* What to do *
Using the data that follows, output only the lines from the line with "4104 Emerald St Unidad B" up to and including the line with "Lampada da tavolo", exactly, leaving pictures aside.

* Records supplied *

###

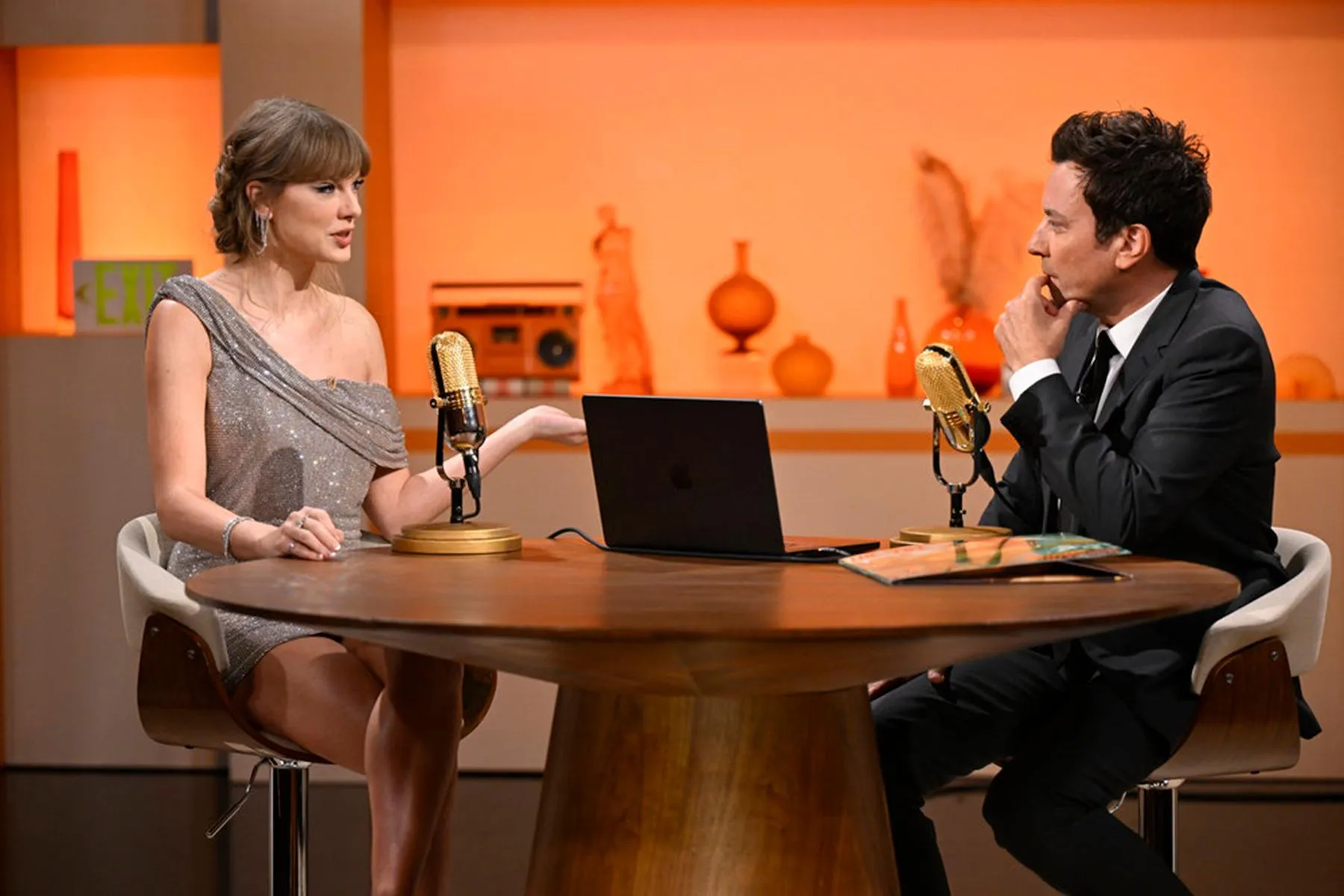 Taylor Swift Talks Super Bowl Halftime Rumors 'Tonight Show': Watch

###

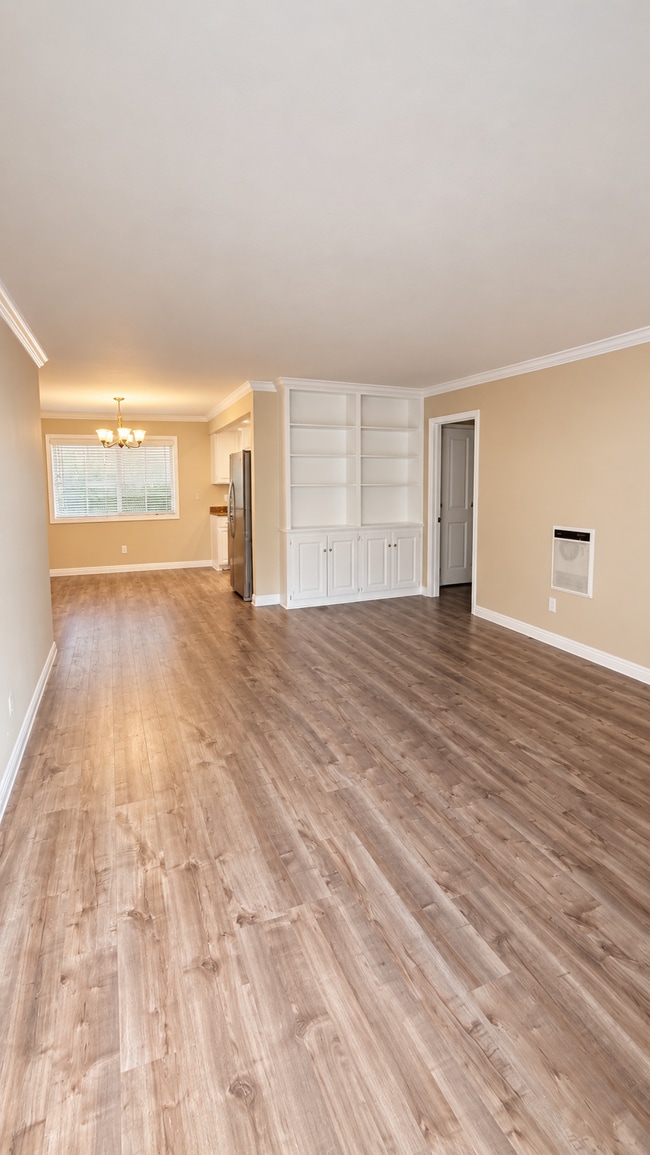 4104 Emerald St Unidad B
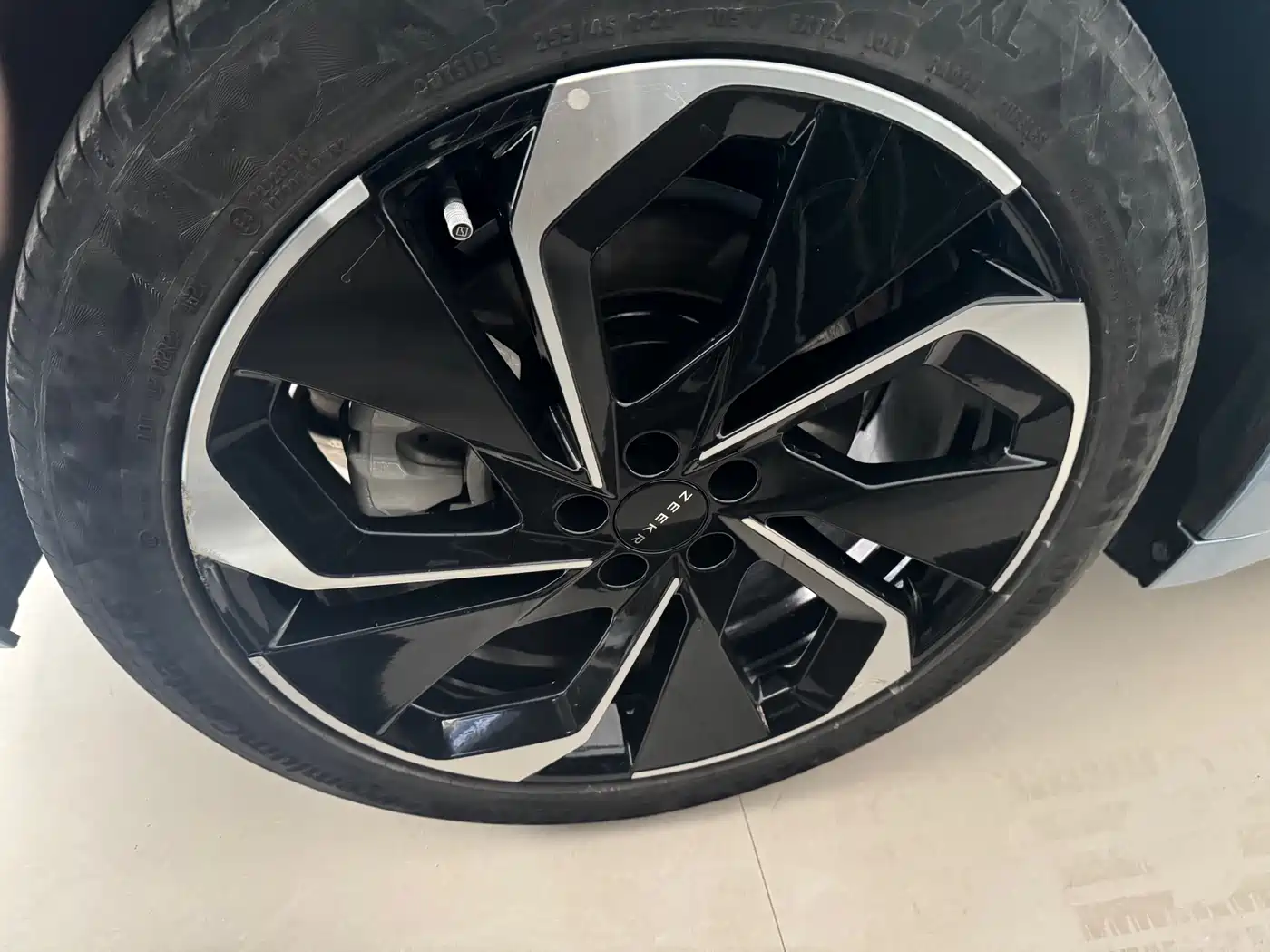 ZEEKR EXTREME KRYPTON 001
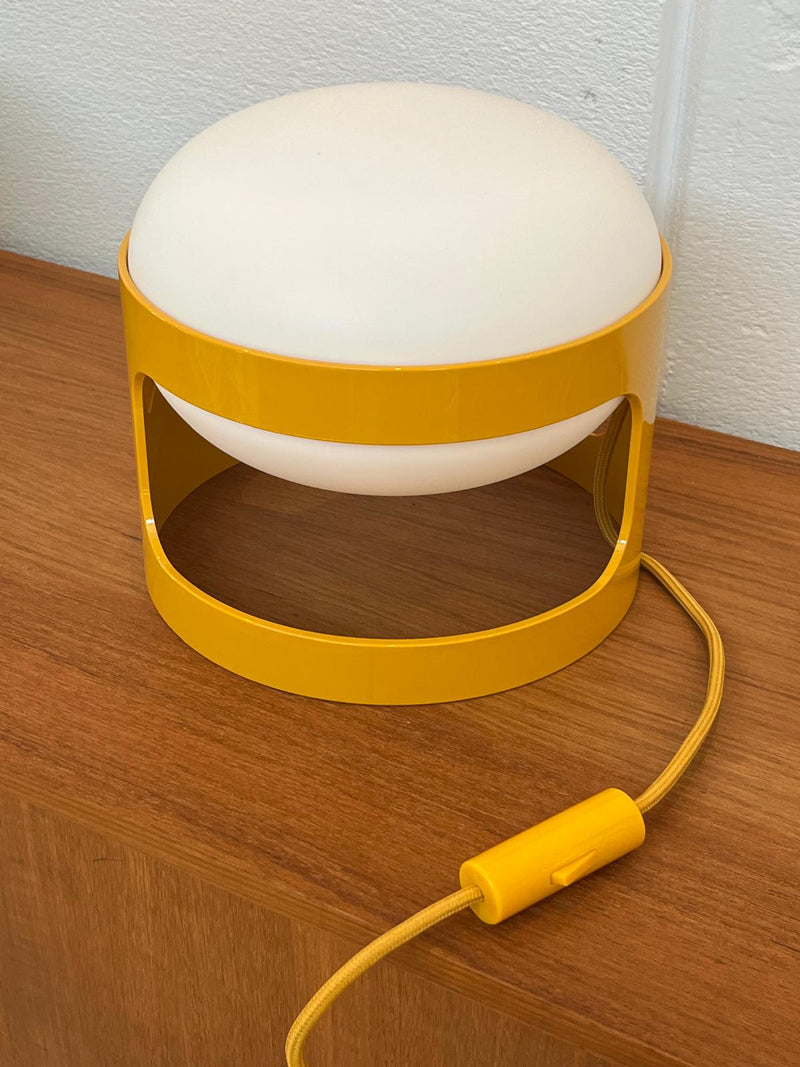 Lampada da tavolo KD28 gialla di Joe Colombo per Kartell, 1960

###

* Your solution *
 4104 Emerald St Unidad B
 ZEEKR EXTREME KRYPTON 001
 Lampada da tavolo KD28 gialla di Joe Colombo per Kartell, 1960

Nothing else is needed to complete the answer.